* **EXERCISE**
Word for word, copy the lines from the one with "Photo for Tradescantia" to the last line of the data below, counting both, and keep every picture out.

* **SOURCE MATERIAL**
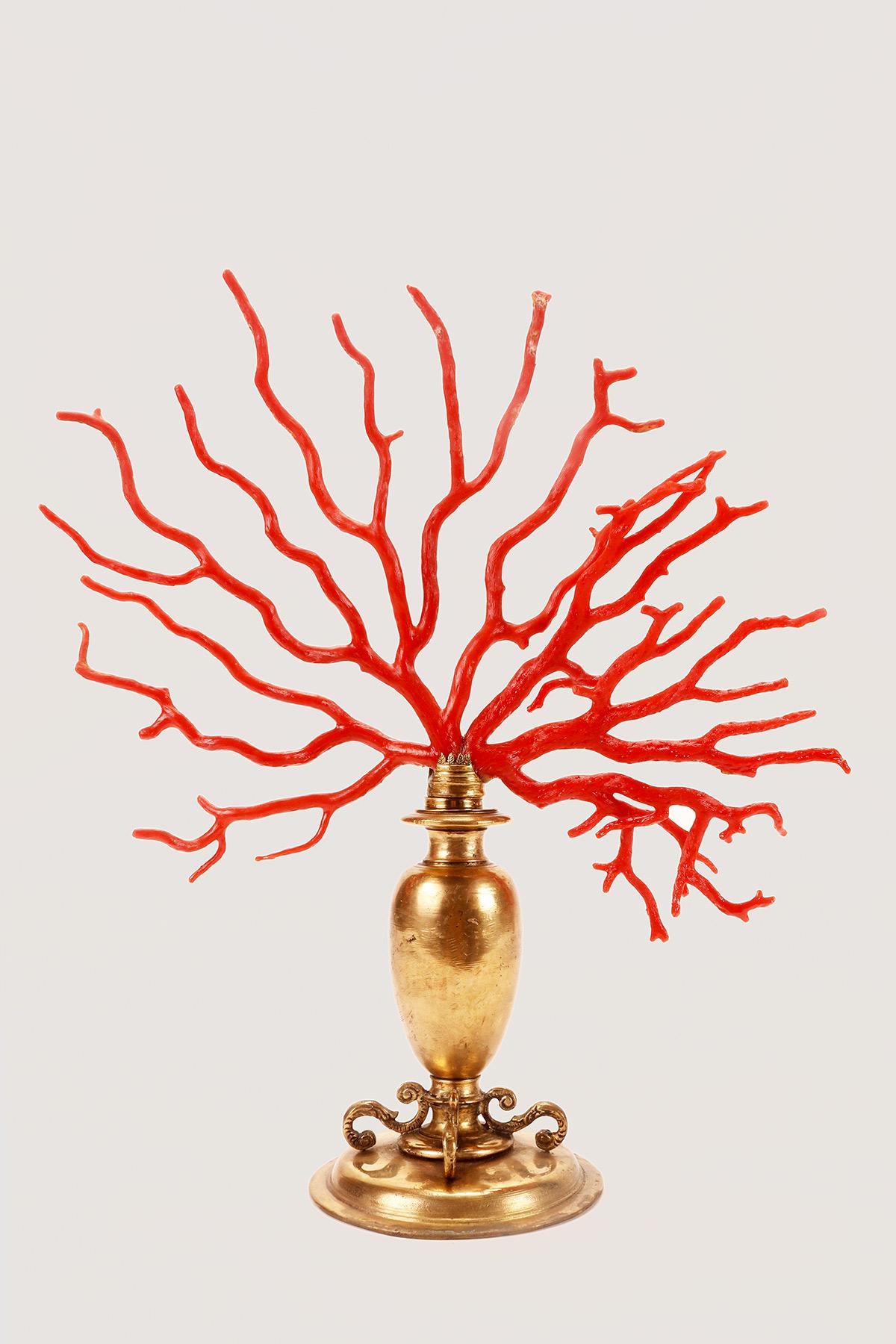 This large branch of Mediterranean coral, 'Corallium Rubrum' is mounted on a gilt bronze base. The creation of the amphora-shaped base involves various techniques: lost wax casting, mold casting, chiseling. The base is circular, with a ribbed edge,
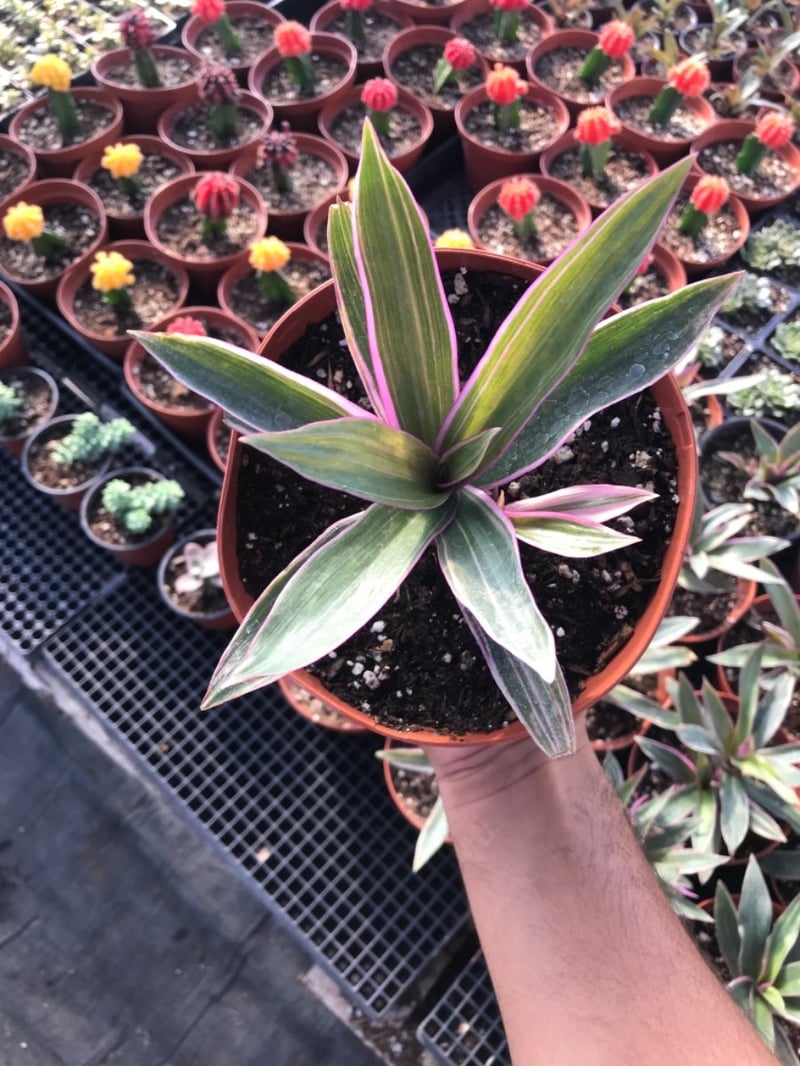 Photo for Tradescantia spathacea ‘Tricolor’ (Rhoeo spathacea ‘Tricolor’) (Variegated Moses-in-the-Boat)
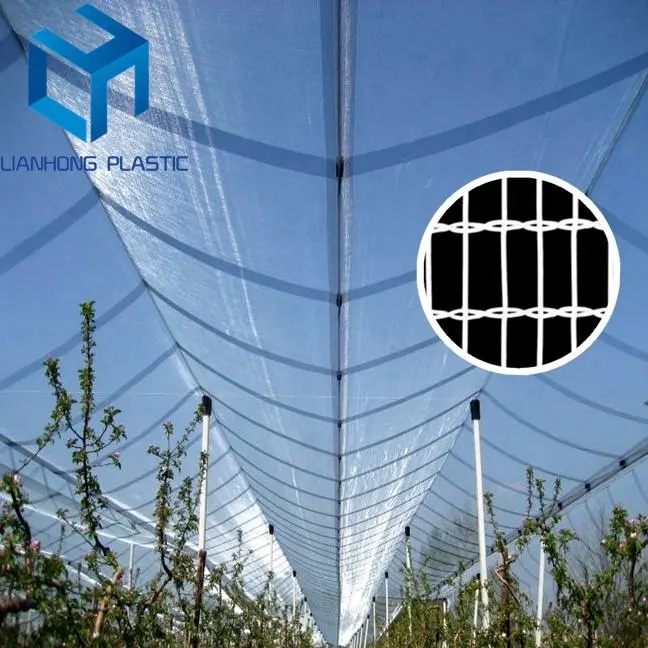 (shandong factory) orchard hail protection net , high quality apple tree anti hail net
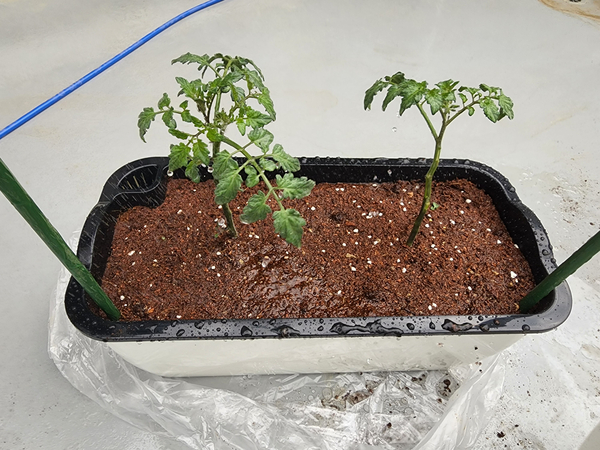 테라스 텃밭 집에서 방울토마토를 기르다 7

* **RESPONSE TO THE EXERCISE**
 Photo for Tradescantia spathacea ‘Tricolor’ (Rhoeo spathacea ‘Tricolor’) (Variegated Moses-in-the-Boat)
 (shandong factory) orchard hail protection net , high quality apple tree anti hail net
 테라스 텃밭 집에서 방울토마토를 기르다 7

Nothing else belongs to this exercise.